### PROBLEM DESCRIPTION
The data below should be retyped exactly, with the pictures left out.

(Records from a dataset)
────
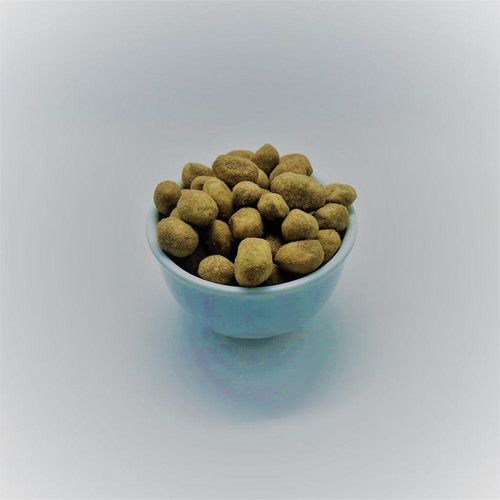 Amendoim Crocante - Churrasco - A Granel 1kg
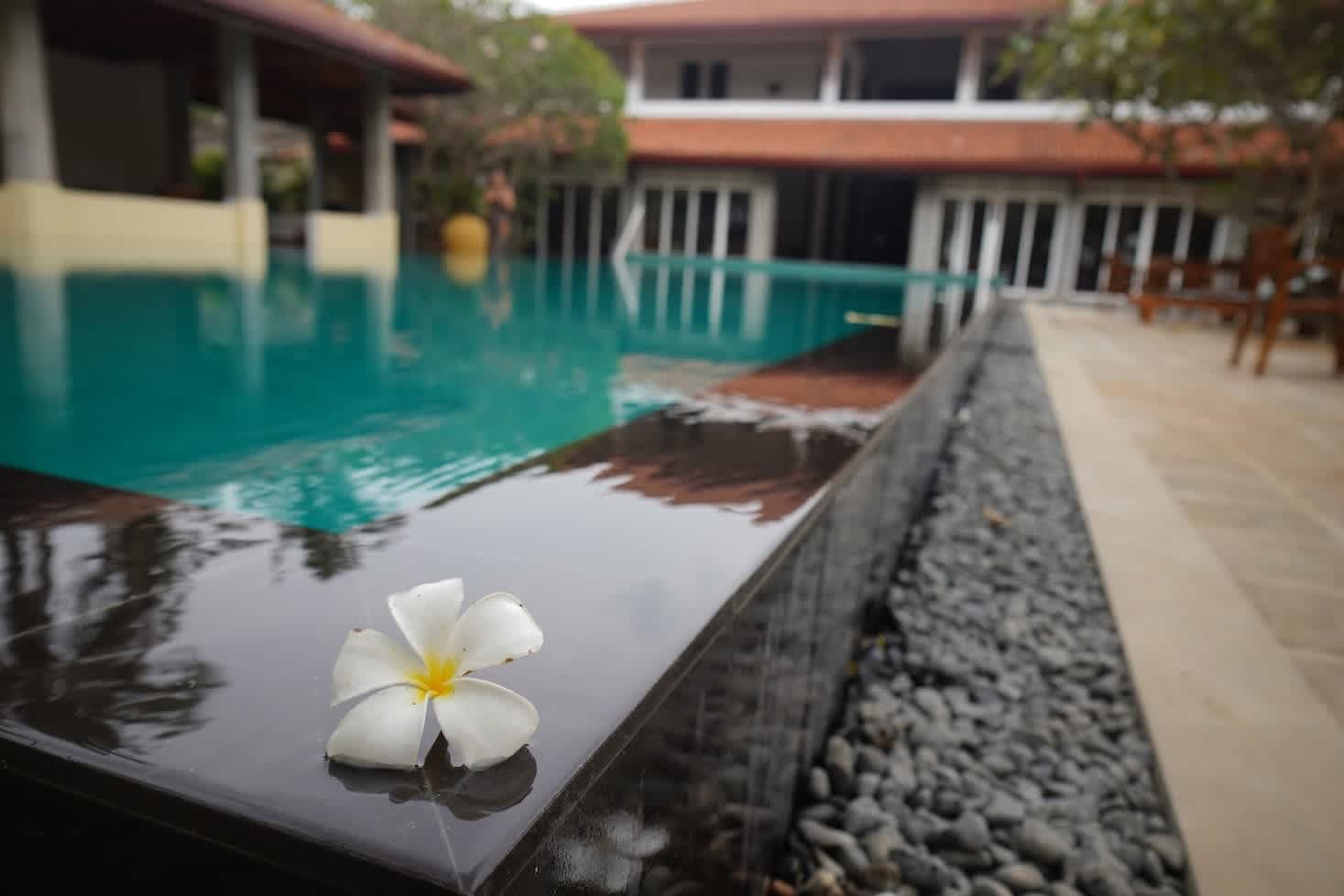 Roman Life Ayurveda Beach Resort Ansicht 7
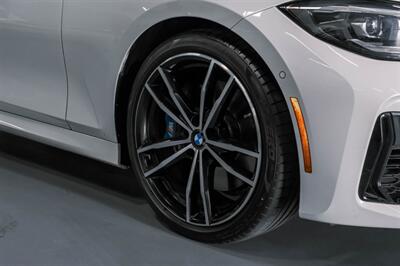 2022 BMW M340i   - Photo 51 - Dallas, TX 75220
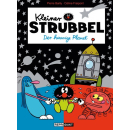 Kleiner Strubbel 10 - Der haarige Planet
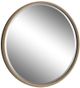 Uttermost® Ranchero Black/Natural Mirror-3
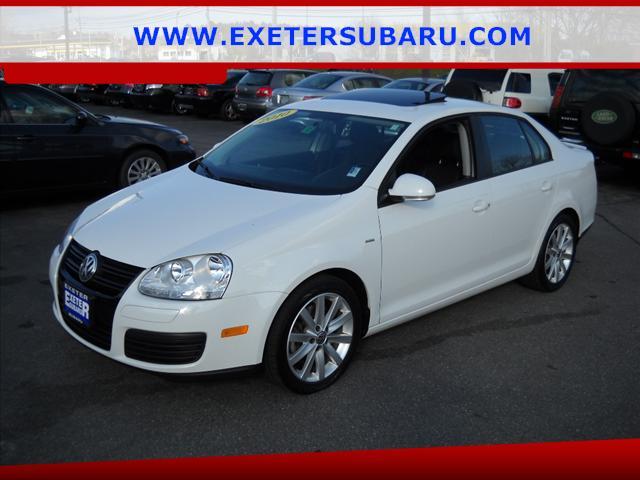 Photo of 2010 Volkswagen Jetta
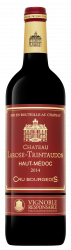 Château Larose Trintaudon Cru Bourgeois - Vignobles de Larose - Château Larose-Trintaudon - 2014 - Rouge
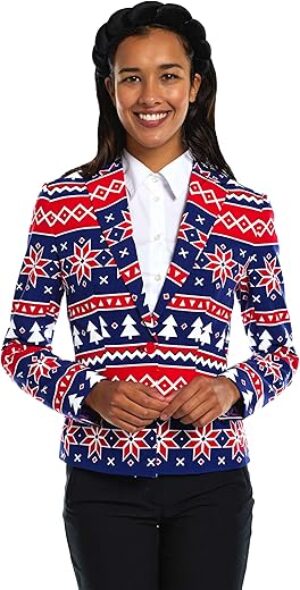 Holiday-Themed Apparel products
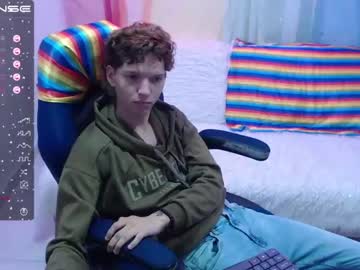 [23-02-23] jorge_sex20 cam video from Chaturbate.com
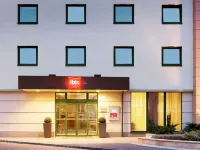 Ibis Gyor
────
### WRITTEN REPLY
 Amendoim Crocante - Churrasco - A Granel 1kg
 Roman Life Ayurveda Beach Resort Ansicht 7
 2022 BMW M340i   - Photo 51 - Dallas, TX 75220
 Kleiner Strubbel 10 - Der haarige Planet
 Uttermost® Ranchero Black/Natural Mirror-3
 Photo of 2010 Volkswagen Jetta
 Château Larose Trintaudon Cru Bourgeois - Vignobles de Larose - Château Larose-Trintaudon - 2014 - Rouge
 Holiday-Themed Apparel products
 [23-02-23] jorge_sex20 cam video from Chaturbate.com
 Ibis Gyor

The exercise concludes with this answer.